From Wildlife Management Institute
On Election Day this year, a number of state and local conservation funding initiatives will be on the ballot for voters to consider with the potential of over $25 billion being dedicated for conservation and restoration. The largest initiatives in Florida, New Jersey, North Dakota, California and Maine bring a variety of opportunities for funding land conservation, water quality and outdoor recreation. But support for these initiatives also vary with opponents like state chambers of commerce actively working against some of the efforts, reports the Wildlife Management Institute.
By far the largest initiative is being considered in Florida where an estimated $18 billion is at stake. Amendment 1 is a constitutional amendment that would dedicate 33 percent of annual revenue raised through an existing tax on real estate transactions over the next 20 years to conservation projects. While the state has had bipartisan support for conservation spending, appropriations have declined dramatically in recent years undermining efforts for land conservation and Everglades restoration. Amendment 1 would fund the state’s Land Acquisition Trust Fund to acquire, restore, improve, and manage conservation lands including: wetlands and forests; fish and wildlife habitat; lands protecting water resources and drinking water sources, including the Everglades, and the water quality of rivers, lakes, and streams; beaches and shores; outdoor recreational lands; working farms and ranches; and historic or geologic sites. The amendment requires a 60 percent supermajority vote in support to be approved and is broadly supported by diverse organizations. While the Florida Chamber of Commerce, Farm Bureau and other groups oppose the initiative, current polling suggests that it is receiving strong support from voters.

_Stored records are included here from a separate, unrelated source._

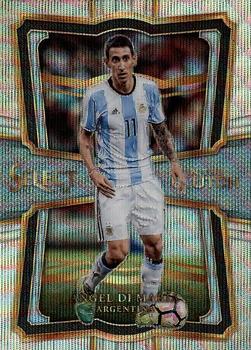 2017-18 Panini Select - In the Clutch #IC-12 Angel Di Maria Front
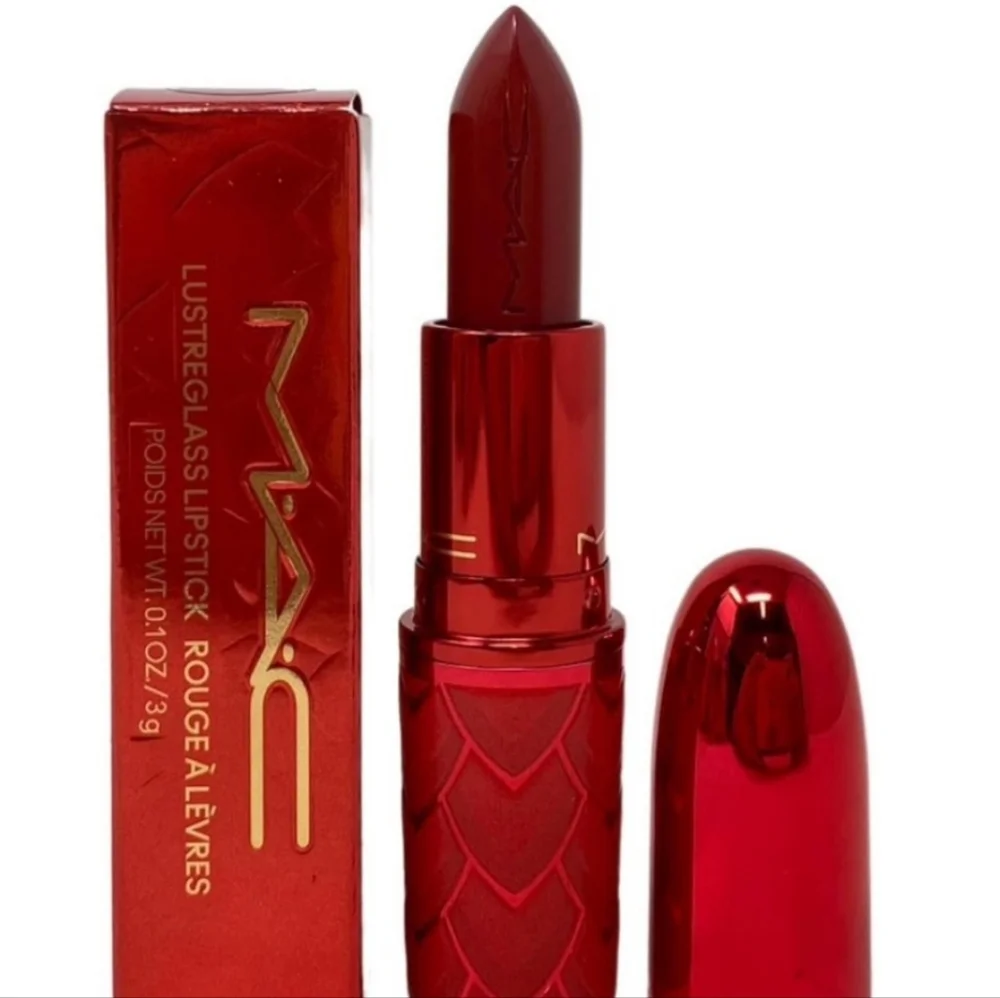 🧚‍♀️POWERFULLY POTENT Mac Lim Ed LoveStruck Lustreglass Lipstick NWT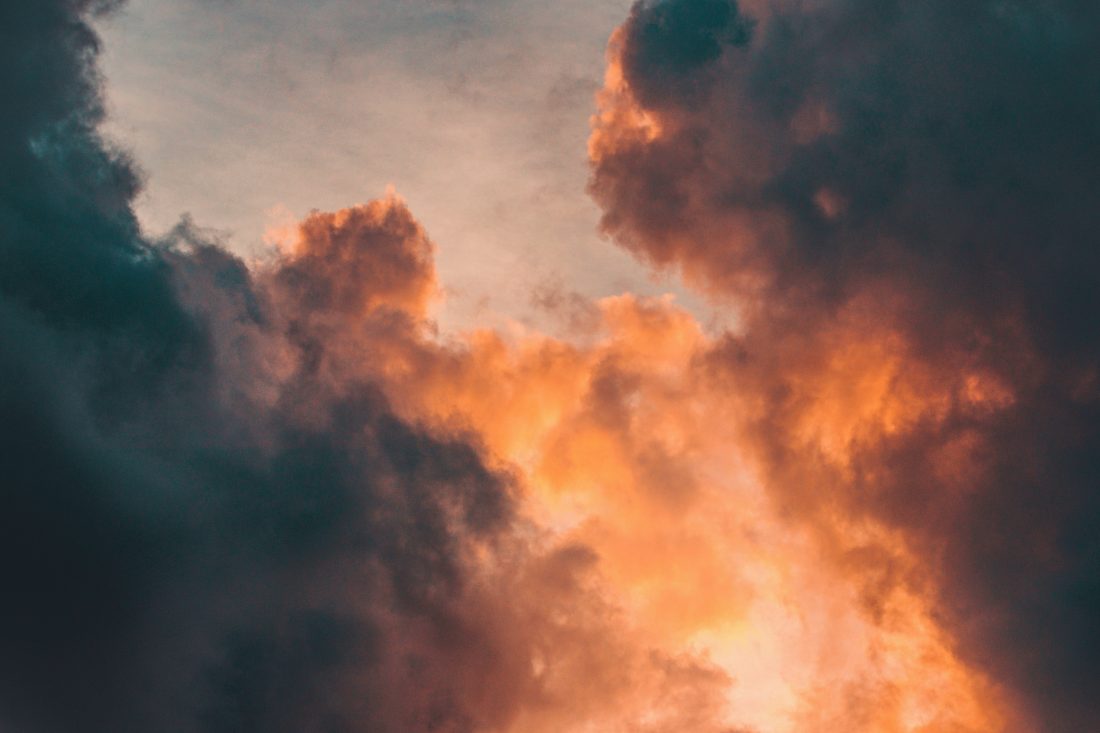 Free photo of Sunset Clouds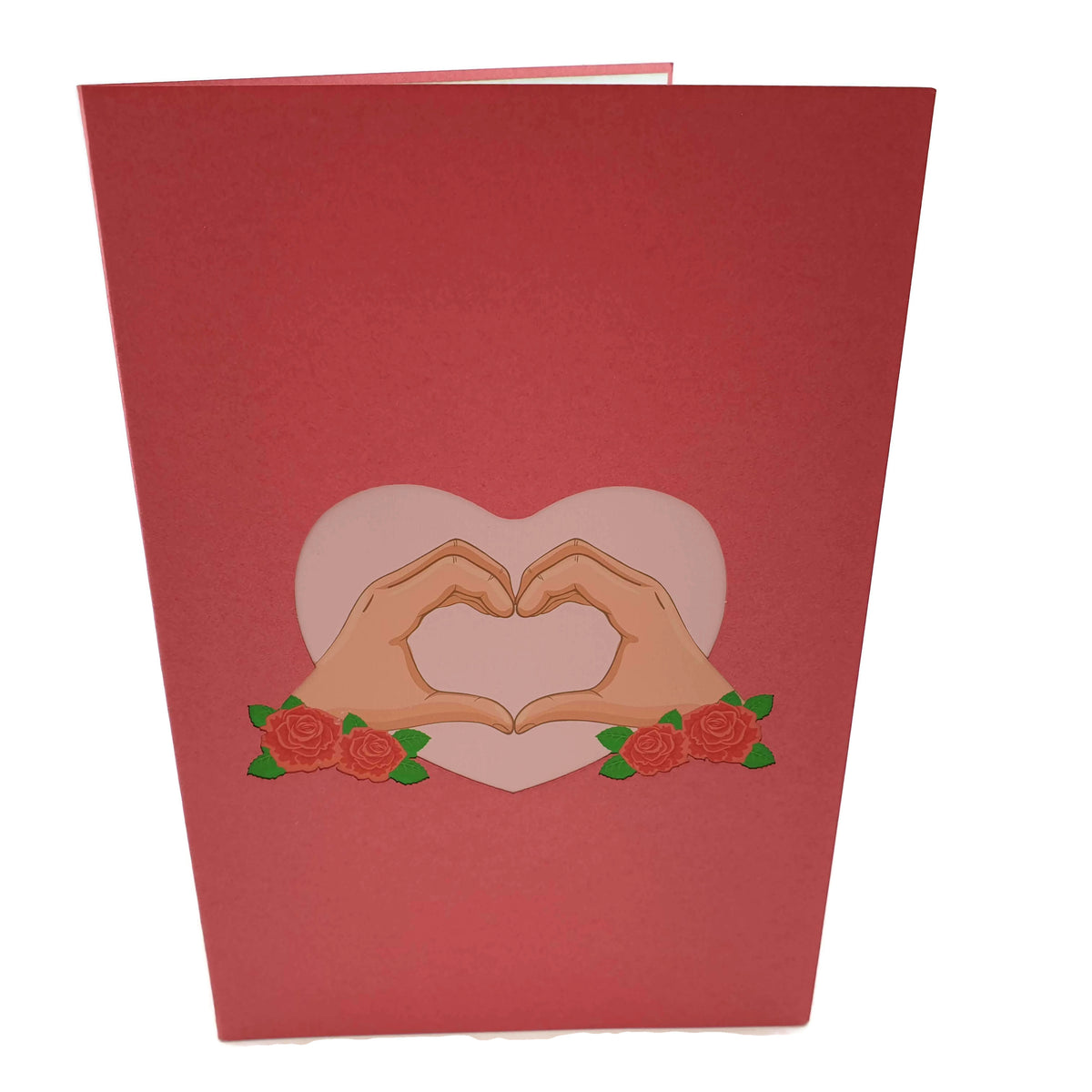 Love Heart pop up card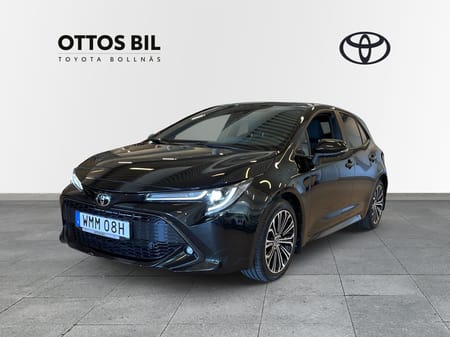 Toyota Corolla 1.2 Turbo Multidrive S, 116hk - Style / V-hjul, Drag, MoK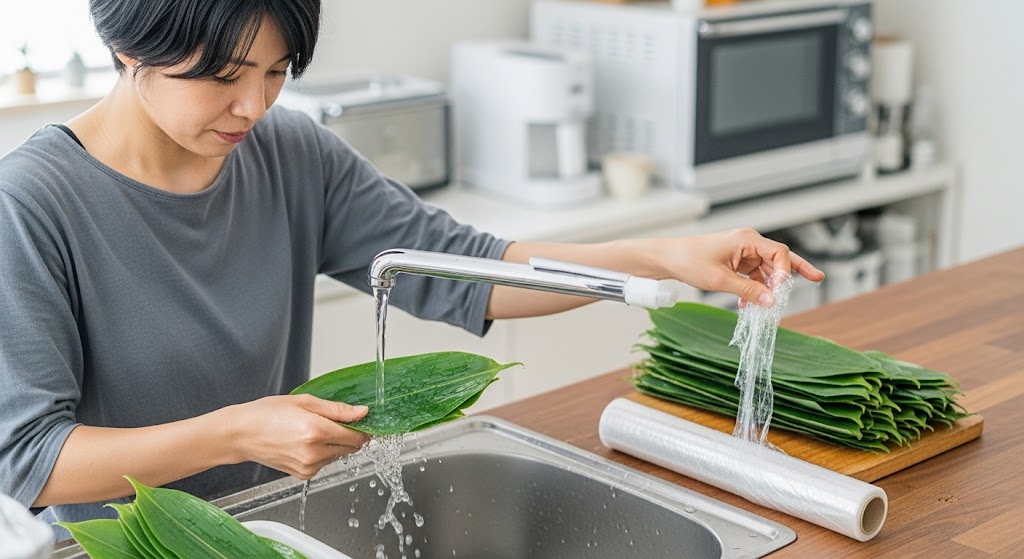 使用後の笹の葉は繰り返し使える？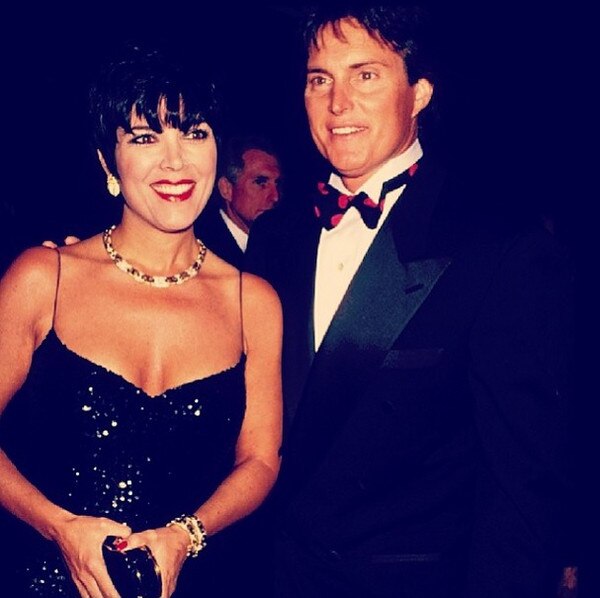 Kris Jenner, Bruce Jennet Kris Jenner, Bruce Jennet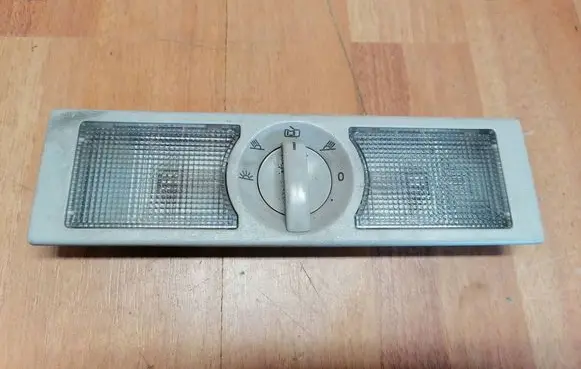 Volkswagen Sharan Rear seat light 0886400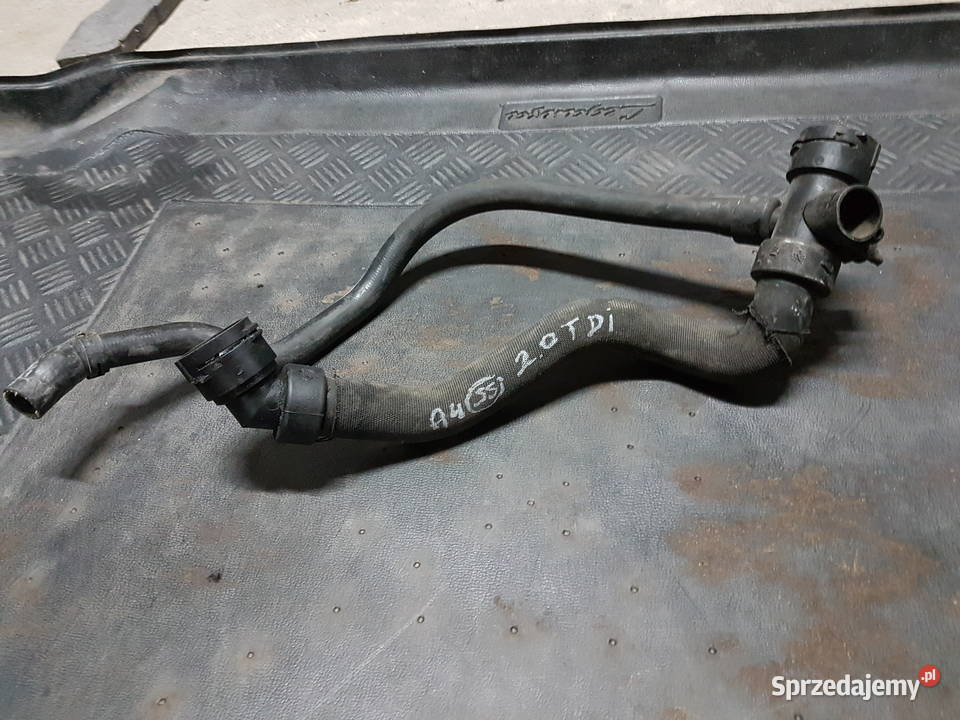 AUDI A4 B7 20 TDI WAZ WODY PRZEWOD CHLODNICY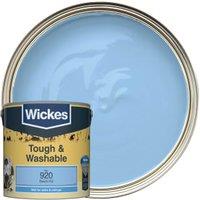 Wickes Tough & Washable Matt Emulsion Paint - Beach Hut No.920 - 2.5L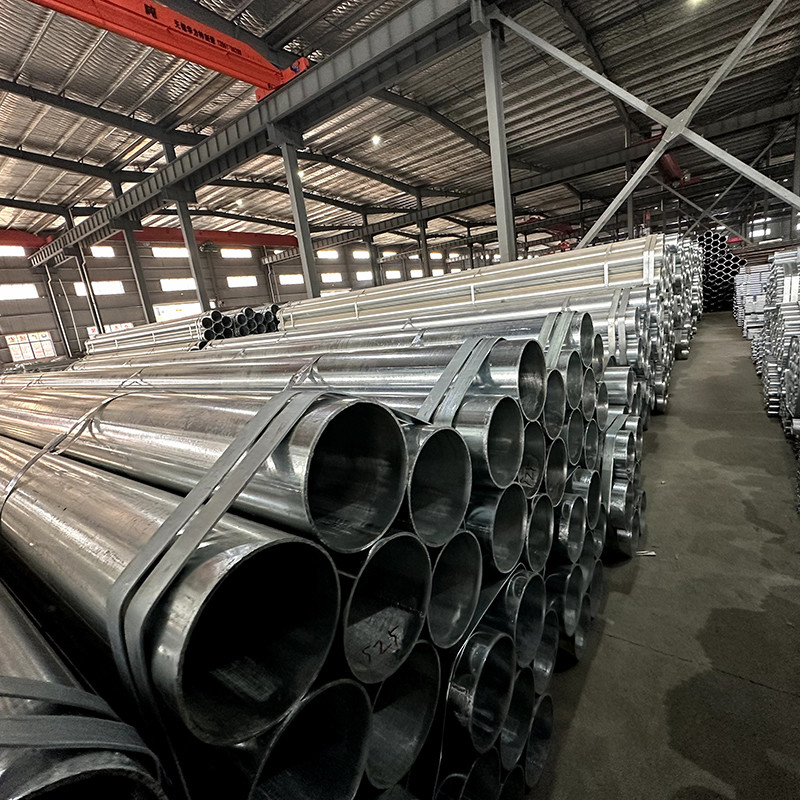 2m 2 Inch Hot Dipped Galvanized Gi Round Steel Pipes For Borewell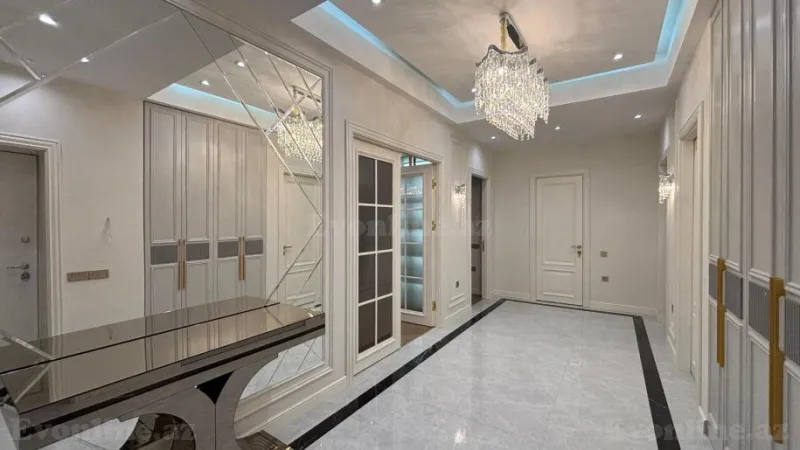 Kirayə verilir 3 otaqlı Mənzil Yeni tikili 140 m² Xətai r. - şəkil 22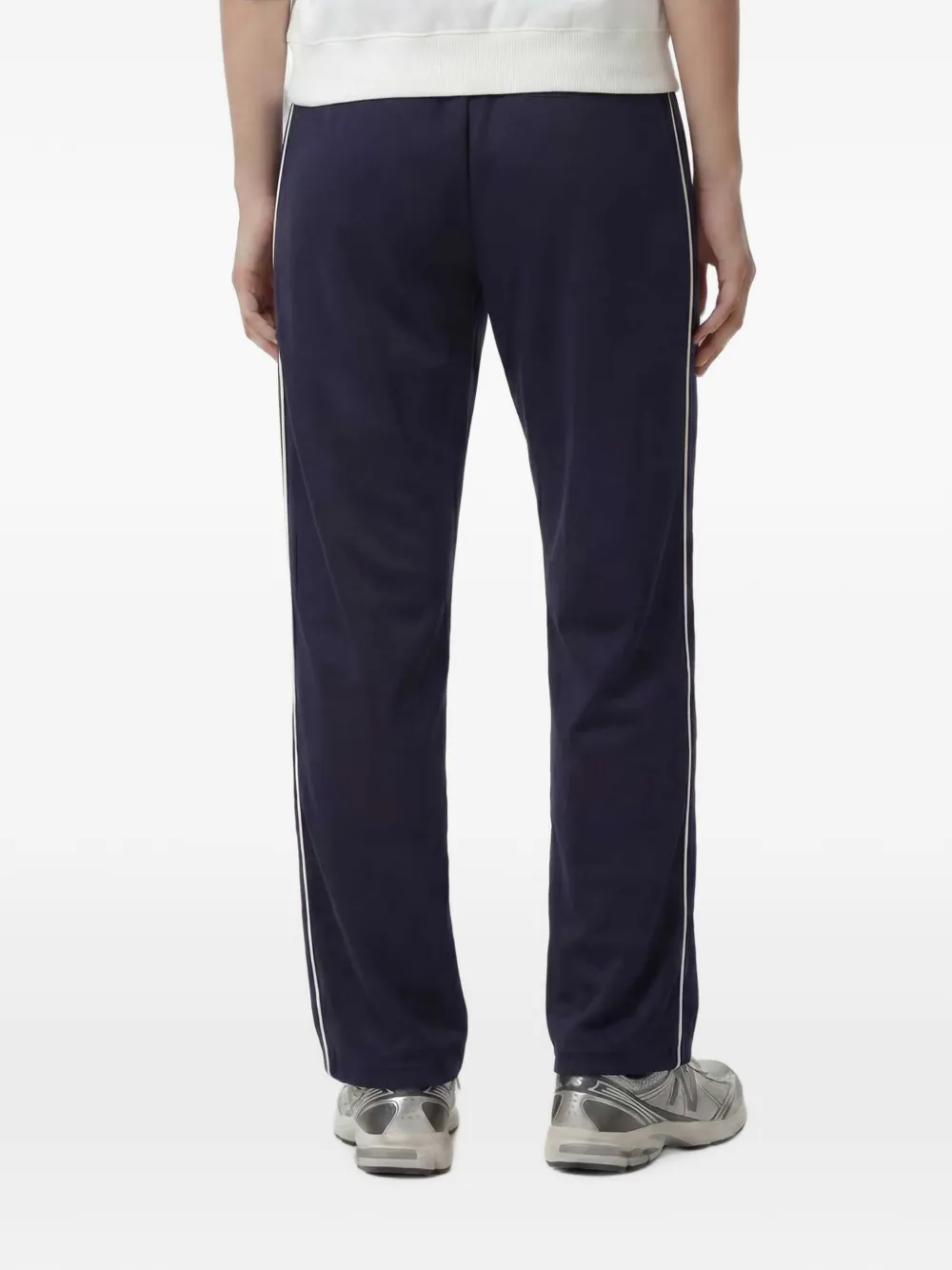 Sporty & Rich Trainingsbroek met geborduurd logo Blauw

New Jersey is also considering a constitutional amendment for long-term, dedicated funding for a variety of environmental and conservation programs. The state has a long history of support at the ballot for programs like the state’s Green Acres land preservation efforts. However, this is the first time the state is seeking dedicated funding that is estimated to total $2.15 billion over the next 20 years to acquire land prone to flooding, protect natural areas, farmland and watersheds, and provide for parks, historic preservation, underground storage tank removal and brownfield remediation. If approved, Public Question #2 will reallocate 4 percent of an existing state corporate business tax for an estimated $71 million annually for the first four years, and beginning in 2019, it would dedicate an additional 2 percent of business tax revenues increasing the annual funding to $117 million. While municipalities, counties and agricultural boards across the state generally support the amendment, Americans for Prosperity has led opposition against the amendment along with the state’s governor, Chris Christie.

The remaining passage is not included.